On l’a tous vécu : se lever avec les jambes lourdes, tenter de courir malgré la sensation de plomb dans les cuisses… et se demander si l’on ne ferait pas mieux de rester au lit. Pourtant, courir sur des jambes fatiguées n’est pas qu’un exercice de volonté : c’est une méthode d’entraînement éprouvée par les marathoniens et les traileurs de haut niveau.

Pourquoi courir fatigué peut vous faire progresser

Lorsque l’on court alors que les jambes sont déjà sollicitées, le corps active d’autres fibres musculaires, développe des adaptations neuromusculaires et apprend à maintenir une foulée efficace malgré l’épuisement. Le cerveau, lui aussi, s’adapte : il apprend à “gérer la douleur” et à maintenir l’effort dans des conditions difficiles. Résultat : une meilleure résistance à la fatigue, une récupération optimisée et une capacité accrue à maintenir son allure dans les derniers kilomètres d’une course.

Mais attention : il ne s’agit pas de se brûler les ailes. Trop de fatigue entraîne des risques de blessure, de surmenage ou de démotivation. L’approche doit donc être progressive et raisonnée.

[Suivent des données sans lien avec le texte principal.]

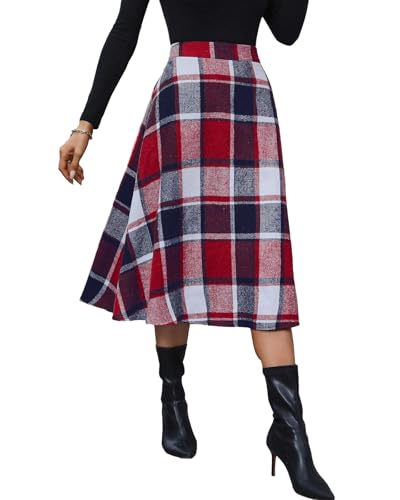 Plaid Skirts for Women High Waist Wool Skirts A-Line Tartan Midi Skirts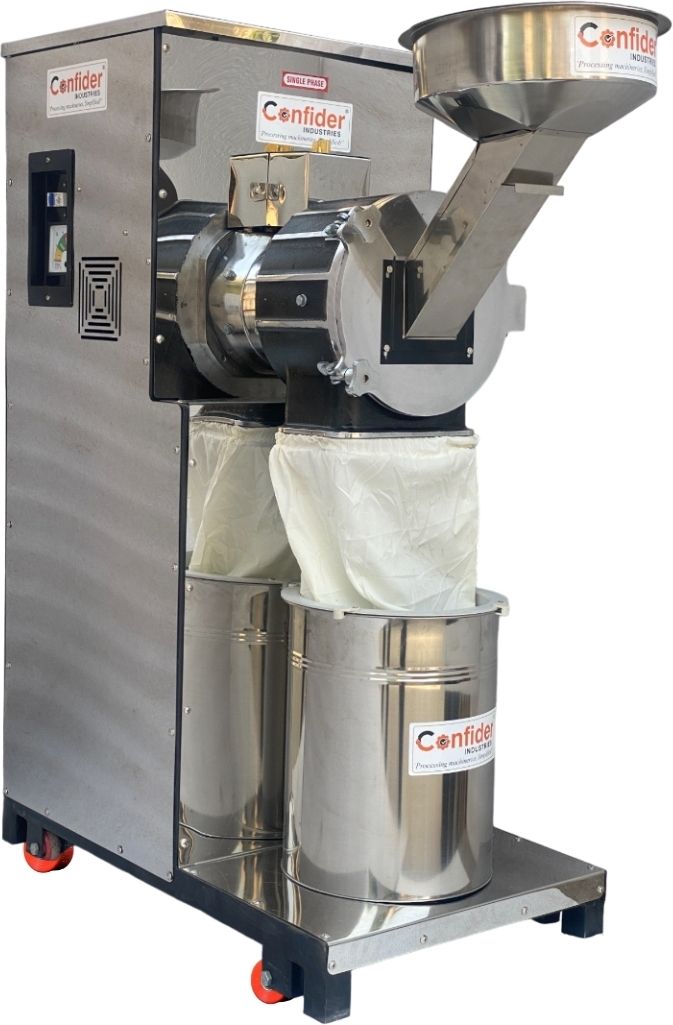 Double Stage SS Ultrafine Pulverizer | For DRY Grains, Spices, Herbs | 35 kg/hr | With Accessories, 3HP Copper Winding Motor & Wheels | Single Phase | Ata Chaki Flourmill-image-28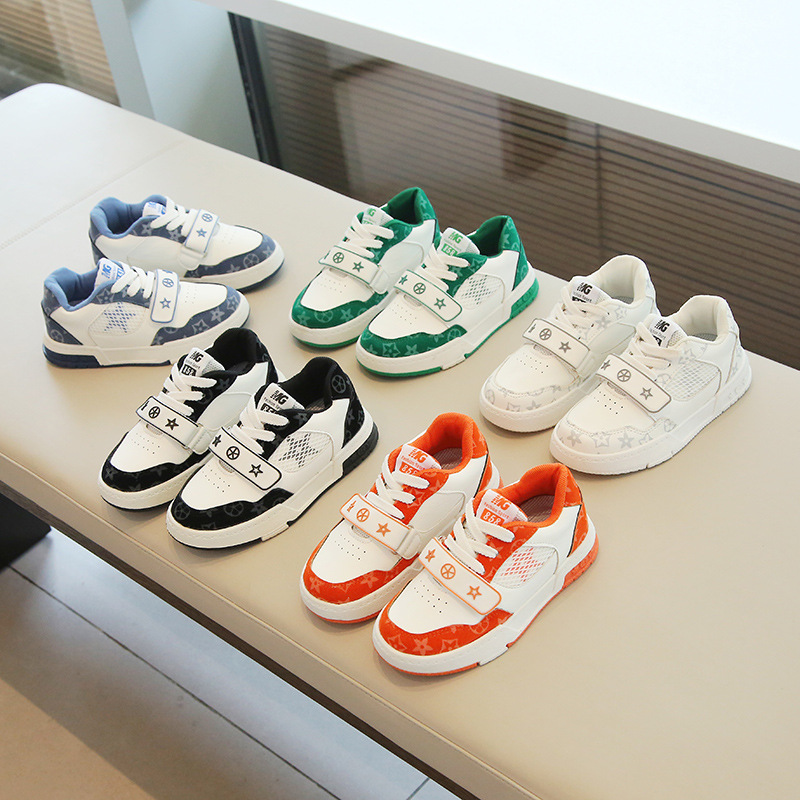 Designer shoes free shipping 2025 Spring Fashion Sports Shoes for Boys Velcro Mesh Casual Shoes for Girls size 21-35 black white orange blue green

Comment intégrer cette pratique dans son plan

Voici quelques techniques validées par les coachs :

  • Combo run + musculation : courir le matin et faire une séance jambes le soir. L’objectif est de solliciter deux systèmes différents pour renforcer l’adaptation globale.
  • Footing de récupération : après une séance intense ou un long run, un footing très léger le lendemain permet de travailler la résistance sur jambes lourdes.
  • Doubles séances : pour les coureurs préparant un marathon, deux sorties légères dans la journée développent le volume sans intensité excessive.
  • La règle des 10 minutes : si la fatigue est forte, testez une sortie de 10 minutes. Si les sensations s’améliorent, continuez. Sinon, reposez-vous.
  • Suivi du HRV : un score de variabilité de fréquence cardiaque en baisse signale une fatigue globale. Mieux vaut lever le pied.

Quand éviter cette méthode

Cette stratégie ne convient pas dans certains cas : absence totale de motivation, surcharge mentale, douleurs inhabituelles ou signes de surentraînement (troubles du sommeil, émotions à fleur de peau, frissons…).

En résumé

Courir fatigué est un outil puissant, mais il doit s’inscrire dans un plan d’entraînement structuré. Bien utilisé, il permet non seulement d’accroître l’endurance, mais aussi de développer une résilience mentale essentielle en course. À condition de savoir écouter son corps… et de respecter ses jours de repos.